(Novembre 2001, en écoutant France-Info)
Mon Nom est InfoX. Je suis la reine des ondes de choc. Je règne par-delà Vérité et Mensonge, dans un monde d’Images et de Folies. Je façonne Consciences et Inconscients. J’aime être chez toi, même en modeste bruit de fond. Ma Science du Ressassement est innée, chacun de mes coups de marteau cloue les épines de mon irrémédiable Actualité dans ton Rêve. Je suis une Schizophrène insoupçonnée. Je puise toute mon Energie dans l’Evènement que je propulse à la Lumière du jour. Je me sens partout chez moi, oui, je me sens partout chez moi, surtout chez toi. J’ignore tout de l’Enfance. Mon Nom est InfoX.
Aaaaah, enfin libre, ma chère petite vaisselle récurée, pas de rapport salarial en vue pour ce jour, si je regardais à travers la fenêtre ? Les Monades n’ont point de fenêtres, par lesquelles quelque chose y puisse entrer ou sortir. Fidèles au poste, les apprentis de la Charcuterie Poupinet, bras croisés sur le rebord de la fenêtre, les 3 apprentis-charcutiers dans leurs blouses sur lesquelles le sang sèche tètent chacun un gros joint, nourrissons avides, 1 enfant malien de 13 ans tué par l’explosion de l’obus avec lequel il jouait , les 3 apprentis-charcutiers isolent et traquent des yeux les jolies filles qui passent 2 étages plus bas, 5 pour moi, coup de filet policier, 5 fusils à pompe, 1 pitbull, 123 armes blanches, 7 interpellations , oh si j’allais sur le balcon, mon beau balcon, m’accouder à la balustrade rouillée, risquer la chute finale, et moi aussi regarder, regarder à en crever, jolies filles et jolis garçons, belles autos et affreux cabots, et surtout tenter de faire mien le sens du mouvement, le sens du mouvement du monde, le sens du mouvement du monde en lutte contre son autophagie, la Floride n’a toujours pas pansé ses plaies.
Mais, nous devons l’apprendre pour le savoir, une ville sans plaie est une ville morte.

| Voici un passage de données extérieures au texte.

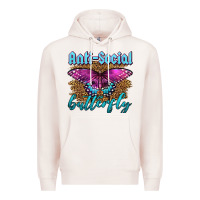 Pale Pink Western Anti-Social Butterfly Premium Hoodie - LillyAllenDesigns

Le couloir que je dois emprunter pour me rendre dans le salon ouvrant sur le balcon, le couloir est envahi par des milliers de sacs plastique vantant les plus grandes marques du monde, j’adore le bruissement qu’ils émettent quand je les foule de mes pieds nus, j’adore leurs caresses la nuit sur mon corps nu quand ravagé par l’insomnie je vais boire un verre d’eau dans la cuisine, le plus petit avion de tourisme s’écrasant dans la plus petite piscine de stockage de combustibles irradiés du centre de retraitement de la Hague égale 67 Tchernobyl , nous ignorons ce que cela signifie, passons outre cette terrible sensation de vivre dans un monde qui n’existe déjà plus, j’ai toujours l’impression d’être une aristocrate oisive quand j’ouvre la porte-fenêtre donnant sur le balcon, système Crotale de surveillance, j’ai toujours rêvé d’enfiler un préservatif fantaisie à un missile sol/air, ou même oh oui à un simple serpent à sonnette, mais je ne l’ai jamais fait, faute de posséder missile ou serpent, je ne connais rien de plus exaltant que de m’accoupler avec ces êtres et ces objets qui savent décocher la mort aussi simplement qu’un sourire commercial, oh ce cauchemar de boucan automobile, oh ces roquets aboyeurs, les 3 apprentis-charcutiers sourient, ils sont mal rasés, ils doivent être sales, je n’irai pas acheter mon pâté là-bas, non, je n’irai pas acheter du pâté là-bas, non, pour rien au monde, même pas pour la fin du monde, j’ai mal au ventre rien qu’à l’idée.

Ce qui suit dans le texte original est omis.